[Caption-style text data]
◇ ◇ ◇ ◇

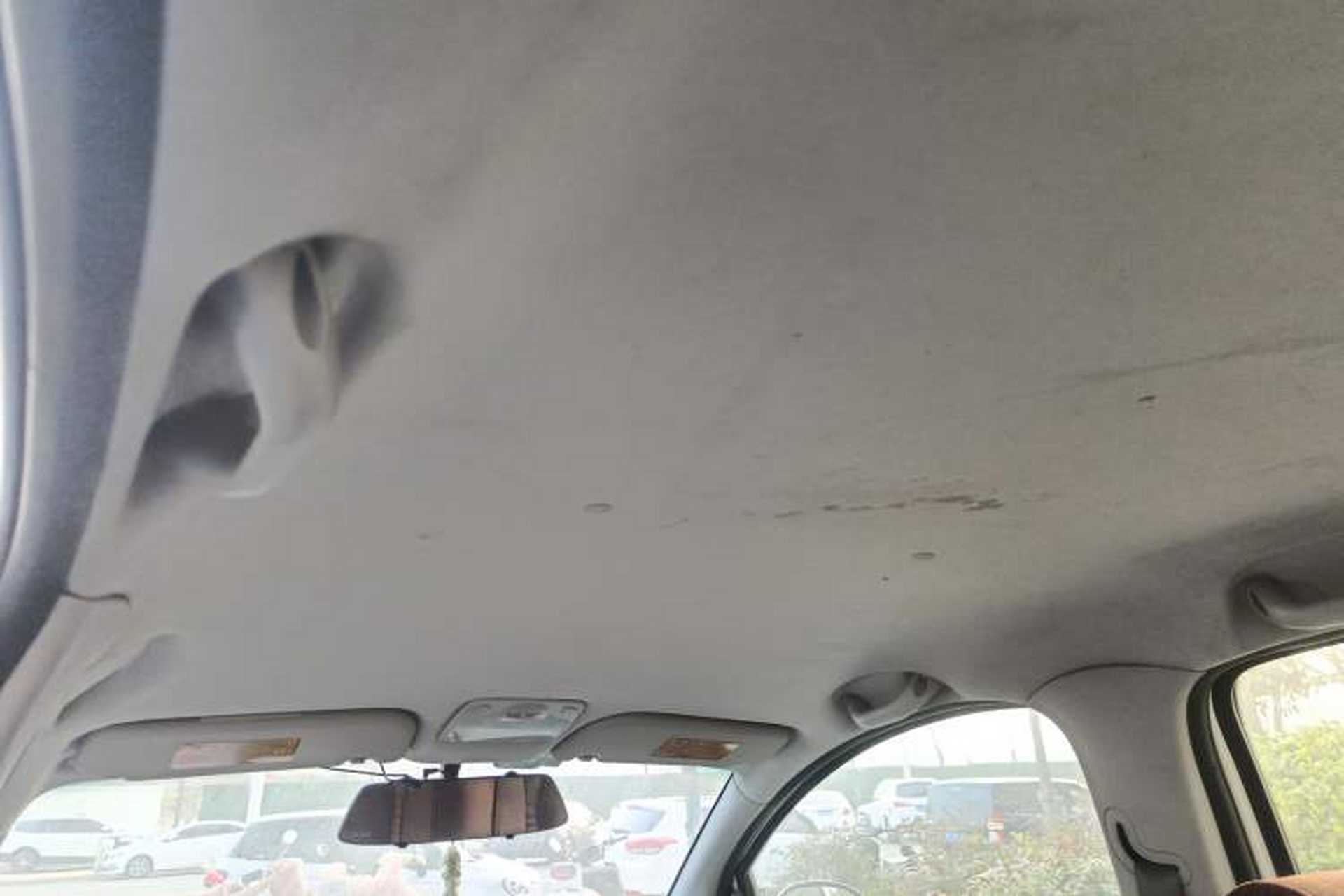 Used Chery X1 2012 1.3L AMT Luxury Model Headliner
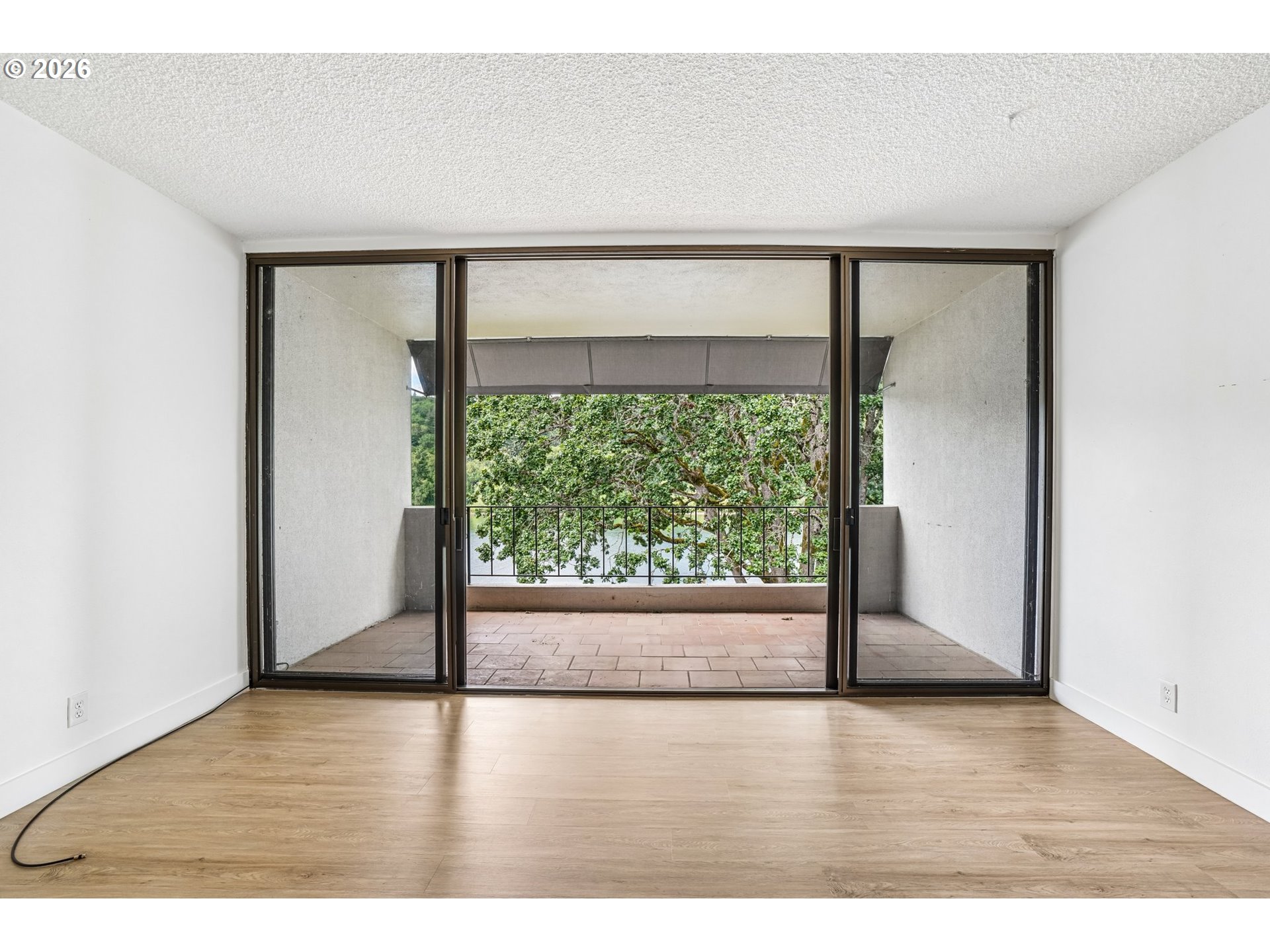 790 Southeast Webber Street, Unit 310 Portland, OR 97202 - Photo 9 of 32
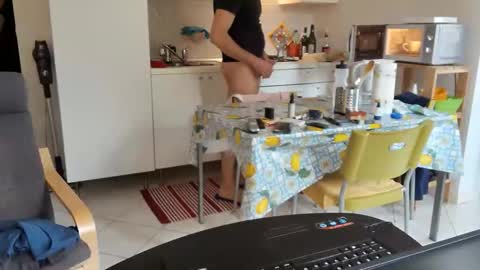 Snapshot of androx77 chatting on 11-01-25, 10:17 androx77 online show from 11-01-25, 10:17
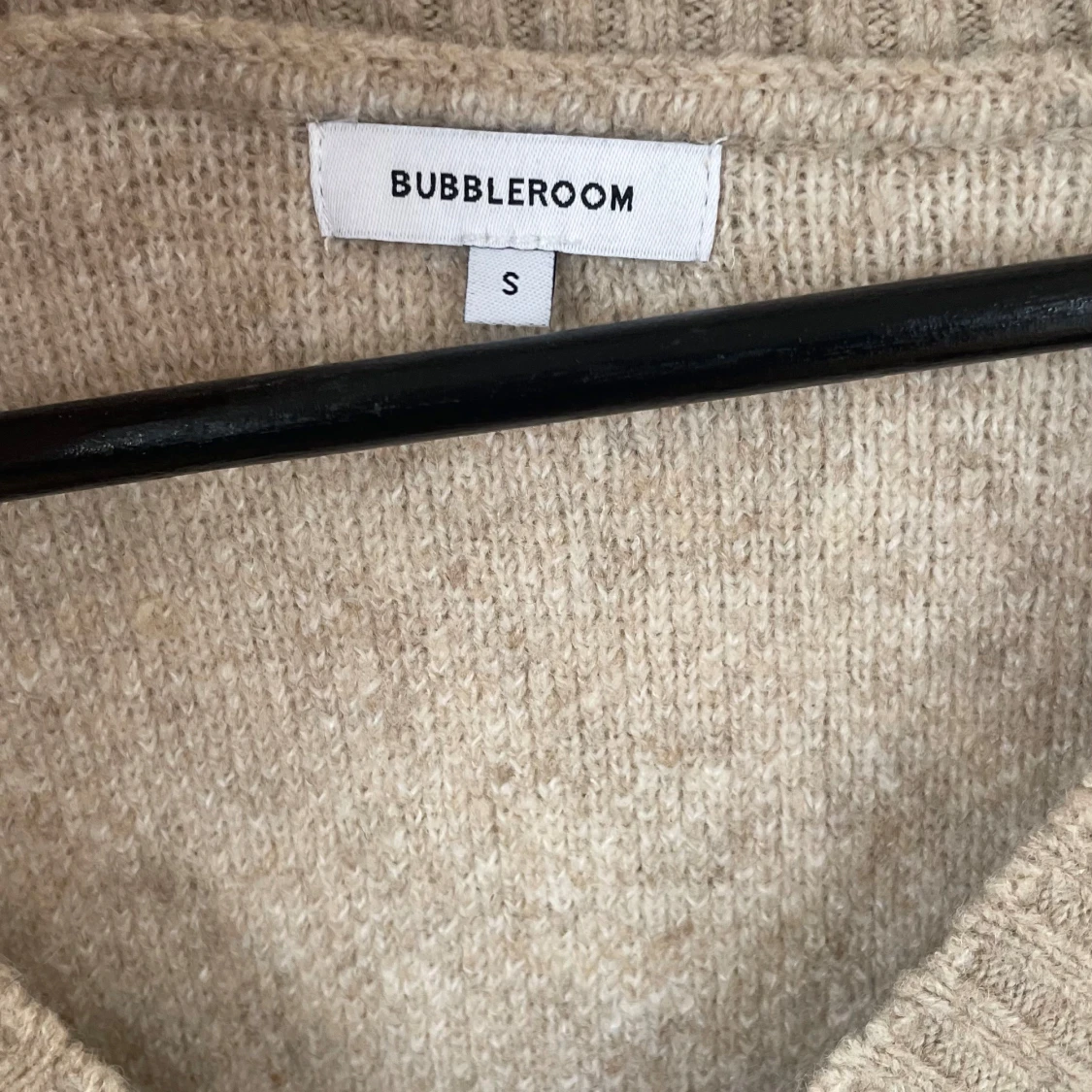 Beige stickad klänning från Bubbleroom - 3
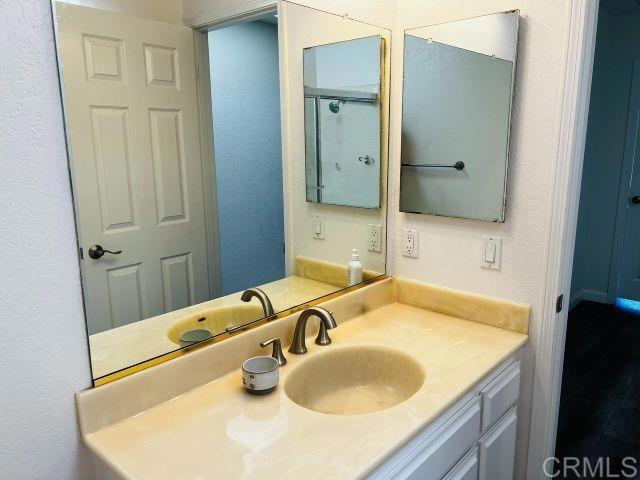 2520 Navarra Drive, Carlsbad CA: https://media.crmls.org/mediaz/b3745df5-e4df-4651-8902-9d16341234a0.jpg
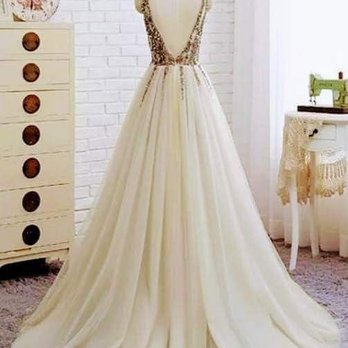Alterations By L Northside Fargo - I did great job years,  someone attacks me ,i have good customers ,happy satisfied ,dont believe people like that - Sewing & Alterations Near Me - Fargo, North Dakota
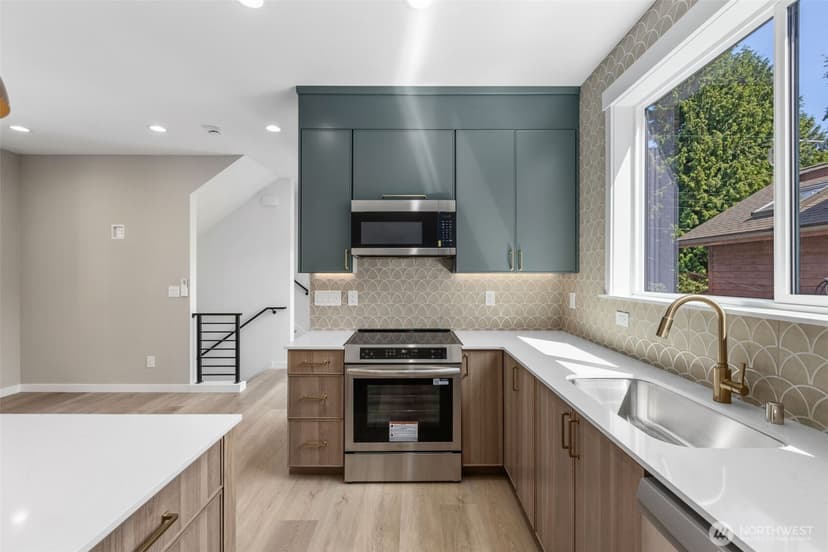Property photo for 11050 2nd Avenue NW #B, Seattle photo 13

◇ ◇ ◇ ◇

• Task item: Leave the pictures out and repeat exactly the lines from the beginning of the records to the line bearing "Beige stickad klänning från Bubbleroom - 3", both ends counted.

• Result:
 Used Chery X1 2012 1.3L AMT Luxury Model Headliner
 790 Southeast Webber Street, Unit 310 Portland, OR 97202 - Photo 9 of 32
 Snapshot of androx77 chatting on 11-01-25, 10:17 androx77 online show from 11-01-25, 10:17
 Beige stickad klänning från Bubbleroom - 3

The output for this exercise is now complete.